Dear People Whom God Loves,
DANGERS OF RATIONAL CONTROL

For the foundation of these insights, I am indebted to Charles Taylor in his book A Secular Age. The thoughts I present are mine.

We are inclined too often to divide our humanness into the higher and lower parts. The rational, i.e. reason and will, are the higher part. The bodily functions and the intermediate emotions and passions are the lower part. This at times goes to the extreme of seeing the lower parts as bad.

Morality in this understanding means that by reason and will power we will force control over emotions and passions. This is helped by thinking of them as disgusting. Control over all the bodily functions cannot, of course, be done. Emotions and passion can be repressed so that their presence is not recognized. They seem to us to be gone or almost gone, but they have merely gone underground, and we are unaware of their influence in our lives.

As children, we can only develop in a healthy way by the flow of emotions that, ideally, are present in our family. Emotion and passion flow back and forth among the family members. This provides the intimacy that is essential for our growth.

In a society or smaller grouping where morality means forcing out the lower parts, we can be trained to detach ourselves from these lower parts. Intimate relations are then lost. Everyone in a way becomes an outsider to us. For example, in warrior societies, young boys are detached from women at a certain age.

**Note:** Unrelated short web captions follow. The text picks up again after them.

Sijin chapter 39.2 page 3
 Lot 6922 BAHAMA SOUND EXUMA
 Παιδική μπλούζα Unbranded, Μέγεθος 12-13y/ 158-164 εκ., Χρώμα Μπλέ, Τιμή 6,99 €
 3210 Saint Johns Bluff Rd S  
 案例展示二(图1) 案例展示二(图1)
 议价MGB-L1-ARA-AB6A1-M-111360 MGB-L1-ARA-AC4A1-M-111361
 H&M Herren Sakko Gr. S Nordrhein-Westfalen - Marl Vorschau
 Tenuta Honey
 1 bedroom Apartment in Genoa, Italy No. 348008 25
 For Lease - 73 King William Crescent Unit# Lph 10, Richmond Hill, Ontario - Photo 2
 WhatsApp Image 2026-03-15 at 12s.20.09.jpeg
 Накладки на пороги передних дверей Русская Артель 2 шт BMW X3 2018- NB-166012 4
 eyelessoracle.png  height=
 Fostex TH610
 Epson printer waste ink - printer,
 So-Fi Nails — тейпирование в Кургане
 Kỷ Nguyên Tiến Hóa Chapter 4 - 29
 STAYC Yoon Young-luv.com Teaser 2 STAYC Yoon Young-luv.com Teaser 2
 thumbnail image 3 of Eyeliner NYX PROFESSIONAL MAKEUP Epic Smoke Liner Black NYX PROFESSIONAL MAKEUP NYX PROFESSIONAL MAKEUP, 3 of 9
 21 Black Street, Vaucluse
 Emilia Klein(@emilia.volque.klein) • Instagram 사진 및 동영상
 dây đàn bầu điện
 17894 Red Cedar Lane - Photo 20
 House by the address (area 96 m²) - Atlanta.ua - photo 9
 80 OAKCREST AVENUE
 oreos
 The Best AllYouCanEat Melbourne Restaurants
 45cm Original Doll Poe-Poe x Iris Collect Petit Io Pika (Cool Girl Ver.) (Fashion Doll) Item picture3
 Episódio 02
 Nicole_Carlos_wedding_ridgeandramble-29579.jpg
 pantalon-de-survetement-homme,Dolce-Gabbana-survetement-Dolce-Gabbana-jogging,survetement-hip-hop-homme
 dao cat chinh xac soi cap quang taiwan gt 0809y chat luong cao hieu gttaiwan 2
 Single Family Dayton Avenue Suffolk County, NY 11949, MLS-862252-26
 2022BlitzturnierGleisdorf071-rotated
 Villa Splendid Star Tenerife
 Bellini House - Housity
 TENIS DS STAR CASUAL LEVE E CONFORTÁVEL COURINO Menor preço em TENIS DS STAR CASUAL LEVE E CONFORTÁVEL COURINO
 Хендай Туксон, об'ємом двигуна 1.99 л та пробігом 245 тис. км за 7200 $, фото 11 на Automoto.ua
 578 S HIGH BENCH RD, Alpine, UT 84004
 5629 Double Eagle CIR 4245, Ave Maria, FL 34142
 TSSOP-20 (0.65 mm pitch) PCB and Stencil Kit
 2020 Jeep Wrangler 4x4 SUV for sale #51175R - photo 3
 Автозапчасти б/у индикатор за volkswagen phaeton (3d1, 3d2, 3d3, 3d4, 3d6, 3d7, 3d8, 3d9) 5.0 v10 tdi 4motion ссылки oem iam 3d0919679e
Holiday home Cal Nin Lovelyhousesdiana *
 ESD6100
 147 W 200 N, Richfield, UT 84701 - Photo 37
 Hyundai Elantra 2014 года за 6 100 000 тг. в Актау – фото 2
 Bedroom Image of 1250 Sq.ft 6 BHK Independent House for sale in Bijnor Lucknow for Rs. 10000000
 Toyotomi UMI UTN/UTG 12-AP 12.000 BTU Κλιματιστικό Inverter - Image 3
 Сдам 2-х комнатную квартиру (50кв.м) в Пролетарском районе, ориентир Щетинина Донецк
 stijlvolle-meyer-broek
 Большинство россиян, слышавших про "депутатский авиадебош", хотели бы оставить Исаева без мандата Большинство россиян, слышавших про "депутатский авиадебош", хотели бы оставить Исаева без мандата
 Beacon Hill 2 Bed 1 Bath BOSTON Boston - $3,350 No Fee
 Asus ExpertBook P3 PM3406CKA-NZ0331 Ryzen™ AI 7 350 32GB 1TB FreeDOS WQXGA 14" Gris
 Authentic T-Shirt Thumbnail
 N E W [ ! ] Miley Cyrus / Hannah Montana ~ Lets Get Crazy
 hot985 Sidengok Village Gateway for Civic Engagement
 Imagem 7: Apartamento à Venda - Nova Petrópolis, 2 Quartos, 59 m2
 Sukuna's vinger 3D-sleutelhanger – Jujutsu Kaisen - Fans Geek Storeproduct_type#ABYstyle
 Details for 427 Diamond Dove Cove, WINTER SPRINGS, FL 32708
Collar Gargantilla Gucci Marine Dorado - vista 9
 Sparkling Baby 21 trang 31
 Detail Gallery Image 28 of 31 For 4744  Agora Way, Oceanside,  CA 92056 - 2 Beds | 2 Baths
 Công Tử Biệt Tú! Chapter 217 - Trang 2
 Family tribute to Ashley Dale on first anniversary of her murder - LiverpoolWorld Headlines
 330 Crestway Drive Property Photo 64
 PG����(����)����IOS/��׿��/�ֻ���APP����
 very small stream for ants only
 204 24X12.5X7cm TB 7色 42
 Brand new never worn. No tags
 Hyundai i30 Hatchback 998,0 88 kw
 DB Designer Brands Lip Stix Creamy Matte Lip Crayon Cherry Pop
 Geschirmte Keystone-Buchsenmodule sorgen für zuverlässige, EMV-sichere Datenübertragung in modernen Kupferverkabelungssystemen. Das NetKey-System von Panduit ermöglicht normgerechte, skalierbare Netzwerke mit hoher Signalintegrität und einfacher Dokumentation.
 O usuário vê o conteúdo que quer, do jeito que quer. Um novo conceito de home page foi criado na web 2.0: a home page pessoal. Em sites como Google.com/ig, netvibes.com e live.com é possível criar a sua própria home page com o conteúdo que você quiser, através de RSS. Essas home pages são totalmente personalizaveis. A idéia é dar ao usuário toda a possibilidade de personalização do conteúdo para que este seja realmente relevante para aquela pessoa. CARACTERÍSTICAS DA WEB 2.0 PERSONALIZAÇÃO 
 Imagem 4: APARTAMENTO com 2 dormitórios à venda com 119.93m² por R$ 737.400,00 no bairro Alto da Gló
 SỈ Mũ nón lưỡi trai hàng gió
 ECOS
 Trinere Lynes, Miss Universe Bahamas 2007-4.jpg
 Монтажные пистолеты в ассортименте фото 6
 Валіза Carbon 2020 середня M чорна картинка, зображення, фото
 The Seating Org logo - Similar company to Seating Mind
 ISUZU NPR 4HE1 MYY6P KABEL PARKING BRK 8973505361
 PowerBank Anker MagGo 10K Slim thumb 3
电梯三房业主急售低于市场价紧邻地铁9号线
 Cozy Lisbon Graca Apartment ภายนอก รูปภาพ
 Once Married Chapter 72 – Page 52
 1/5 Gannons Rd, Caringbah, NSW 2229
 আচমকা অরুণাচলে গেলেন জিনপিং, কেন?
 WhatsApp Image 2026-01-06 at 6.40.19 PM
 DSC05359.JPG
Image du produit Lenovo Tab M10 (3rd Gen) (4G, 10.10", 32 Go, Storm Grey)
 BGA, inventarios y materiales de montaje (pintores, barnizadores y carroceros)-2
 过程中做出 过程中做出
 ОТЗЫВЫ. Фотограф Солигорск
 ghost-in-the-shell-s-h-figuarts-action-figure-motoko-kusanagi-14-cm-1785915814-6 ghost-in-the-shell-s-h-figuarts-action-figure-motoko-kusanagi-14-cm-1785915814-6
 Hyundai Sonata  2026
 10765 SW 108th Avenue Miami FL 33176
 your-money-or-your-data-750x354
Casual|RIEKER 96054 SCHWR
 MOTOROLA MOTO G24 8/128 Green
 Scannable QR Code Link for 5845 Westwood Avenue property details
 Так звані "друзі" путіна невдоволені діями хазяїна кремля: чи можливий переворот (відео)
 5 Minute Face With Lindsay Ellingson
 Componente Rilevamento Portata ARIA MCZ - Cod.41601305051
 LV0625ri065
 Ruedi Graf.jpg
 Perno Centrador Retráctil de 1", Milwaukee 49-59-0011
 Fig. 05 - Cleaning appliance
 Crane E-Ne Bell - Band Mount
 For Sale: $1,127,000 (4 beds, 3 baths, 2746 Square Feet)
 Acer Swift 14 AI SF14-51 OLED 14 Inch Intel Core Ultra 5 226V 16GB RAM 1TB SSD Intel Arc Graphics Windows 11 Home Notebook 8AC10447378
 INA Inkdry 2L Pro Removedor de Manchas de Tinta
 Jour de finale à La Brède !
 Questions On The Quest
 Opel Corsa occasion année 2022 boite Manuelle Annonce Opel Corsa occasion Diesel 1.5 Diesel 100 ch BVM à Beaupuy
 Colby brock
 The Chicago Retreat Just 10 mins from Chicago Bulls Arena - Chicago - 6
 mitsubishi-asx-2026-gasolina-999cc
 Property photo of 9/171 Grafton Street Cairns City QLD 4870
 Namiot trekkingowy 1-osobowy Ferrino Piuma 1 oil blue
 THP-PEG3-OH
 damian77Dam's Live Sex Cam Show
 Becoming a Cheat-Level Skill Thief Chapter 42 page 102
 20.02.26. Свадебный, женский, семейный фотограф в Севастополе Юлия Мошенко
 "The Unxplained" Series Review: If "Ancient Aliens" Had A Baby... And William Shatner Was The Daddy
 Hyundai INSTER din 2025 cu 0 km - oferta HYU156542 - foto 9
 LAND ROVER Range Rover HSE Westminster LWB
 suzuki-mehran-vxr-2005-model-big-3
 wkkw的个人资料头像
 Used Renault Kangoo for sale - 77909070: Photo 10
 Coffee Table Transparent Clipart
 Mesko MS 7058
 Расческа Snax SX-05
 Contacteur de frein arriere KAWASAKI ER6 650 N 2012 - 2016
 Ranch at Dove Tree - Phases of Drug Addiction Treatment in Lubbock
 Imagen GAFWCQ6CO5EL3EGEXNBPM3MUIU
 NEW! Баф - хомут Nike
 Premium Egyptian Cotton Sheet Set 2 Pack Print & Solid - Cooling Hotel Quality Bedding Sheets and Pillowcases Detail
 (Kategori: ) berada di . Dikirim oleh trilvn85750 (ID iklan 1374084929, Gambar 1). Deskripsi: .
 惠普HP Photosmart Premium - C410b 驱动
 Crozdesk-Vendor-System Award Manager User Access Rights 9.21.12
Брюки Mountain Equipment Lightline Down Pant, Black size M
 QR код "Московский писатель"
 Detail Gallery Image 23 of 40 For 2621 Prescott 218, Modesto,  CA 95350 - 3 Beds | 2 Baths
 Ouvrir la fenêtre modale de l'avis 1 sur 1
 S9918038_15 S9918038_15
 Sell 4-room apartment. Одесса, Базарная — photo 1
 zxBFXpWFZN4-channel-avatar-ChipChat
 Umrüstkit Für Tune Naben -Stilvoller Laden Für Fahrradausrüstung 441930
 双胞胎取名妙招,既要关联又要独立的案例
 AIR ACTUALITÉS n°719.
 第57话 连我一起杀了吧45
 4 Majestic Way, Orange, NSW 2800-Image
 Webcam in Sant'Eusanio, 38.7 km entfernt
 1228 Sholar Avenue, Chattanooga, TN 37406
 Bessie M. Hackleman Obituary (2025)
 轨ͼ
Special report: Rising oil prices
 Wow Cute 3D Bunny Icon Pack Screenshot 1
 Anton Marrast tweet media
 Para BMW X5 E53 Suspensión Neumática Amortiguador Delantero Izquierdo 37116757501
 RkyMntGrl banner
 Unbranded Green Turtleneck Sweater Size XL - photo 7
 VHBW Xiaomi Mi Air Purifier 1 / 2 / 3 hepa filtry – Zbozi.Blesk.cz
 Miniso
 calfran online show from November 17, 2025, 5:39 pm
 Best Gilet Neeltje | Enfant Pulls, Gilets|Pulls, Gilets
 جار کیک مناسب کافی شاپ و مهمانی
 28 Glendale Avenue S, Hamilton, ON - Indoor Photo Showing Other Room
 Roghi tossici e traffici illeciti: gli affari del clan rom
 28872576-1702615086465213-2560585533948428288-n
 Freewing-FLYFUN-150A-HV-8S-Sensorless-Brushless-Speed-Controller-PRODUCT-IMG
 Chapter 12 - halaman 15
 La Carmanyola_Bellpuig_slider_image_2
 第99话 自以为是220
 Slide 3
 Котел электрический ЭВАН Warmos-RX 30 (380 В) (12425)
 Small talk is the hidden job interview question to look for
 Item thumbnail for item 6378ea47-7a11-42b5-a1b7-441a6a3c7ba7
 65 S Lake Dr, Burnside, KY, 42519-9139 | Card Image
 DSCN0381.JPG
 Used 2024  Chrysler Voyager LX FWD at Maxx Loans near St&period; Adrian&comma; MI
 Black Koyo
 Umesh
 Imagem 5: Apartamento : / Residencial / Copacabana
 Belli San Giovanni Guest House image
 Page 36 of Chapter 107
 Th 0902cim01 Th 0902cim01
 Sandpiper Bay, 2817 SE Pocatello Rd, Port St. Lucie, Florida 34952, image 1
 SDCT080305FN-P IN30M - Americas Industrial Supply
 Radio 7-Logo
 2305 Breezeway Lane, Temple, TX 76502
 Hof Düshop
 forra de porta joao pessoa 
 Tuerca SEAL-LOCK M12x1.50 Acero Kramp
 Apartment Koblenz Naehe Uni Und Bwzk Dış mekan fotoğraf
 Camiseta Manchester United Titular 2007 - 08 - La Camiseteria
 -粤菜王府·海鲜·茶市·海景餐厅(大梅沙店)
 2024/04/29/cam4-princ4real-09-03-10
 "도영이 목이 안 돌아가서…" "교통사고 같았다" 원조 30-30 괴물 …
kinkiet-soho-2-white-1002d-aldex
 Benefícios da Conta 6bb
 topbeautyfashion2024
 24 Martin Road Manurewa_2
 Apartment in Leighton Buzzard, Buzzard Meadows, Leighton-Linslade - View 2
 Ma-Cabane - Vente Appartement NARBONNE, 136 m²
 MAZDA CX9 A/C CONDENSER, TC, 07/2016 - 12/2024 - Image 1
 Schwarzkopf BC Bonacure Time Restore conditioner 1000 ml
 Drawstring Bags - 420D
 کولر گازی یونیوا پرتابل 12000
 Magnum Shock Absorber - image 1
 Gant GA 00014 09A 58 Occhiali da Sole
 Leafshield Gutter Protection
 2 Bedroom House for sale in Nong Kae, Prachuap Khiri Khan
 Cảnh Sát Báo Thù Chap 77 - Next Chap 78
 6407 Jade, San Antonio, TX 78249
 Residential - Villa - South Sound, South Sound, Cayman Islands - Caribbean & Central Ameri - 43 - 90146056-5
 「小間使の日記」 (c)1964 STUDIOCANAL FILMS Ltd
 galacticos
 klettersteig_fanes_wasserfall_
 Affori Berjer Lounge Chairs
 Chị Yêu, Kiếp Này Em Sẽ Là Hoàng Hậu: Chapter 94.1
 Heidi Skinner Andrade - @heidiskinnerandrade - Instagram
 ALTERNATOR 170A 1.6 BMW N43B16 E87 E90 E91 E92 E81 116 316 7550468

Since we are afraid of intimacy, we relate to our leaders and peers in a gruff, un-intimate way. We also relate to those “inferior” to us in a restrained manner that has no tenderness, compassion, or understanding.

This loss of intimacy leaves a deep emptiness that we try to fill in an unhealthy manner. We can attempt to do so in various ways. We can latch onto an institution as if it is a human person . . . at the same time not having much awareness of the struggles of the humans within the institution. We may also attempt it by seeking power. This usually includes docility to those with power above us and moral or physical force against those with less power below us. Another avenue is to seek to increase our wealth.

These attempts, of course, don’t fill the emptiness. Another way to put it is to say that only the love that comes from intimacy will fill us and allow us to live as full human beings.

Finally, only when we accept all of our humanness and integrate all the parts, will we grow in the spiritual journey. When we believe that God is Love and that love is the core of our being will we have the foundation for spiritual growth. That is something for another column.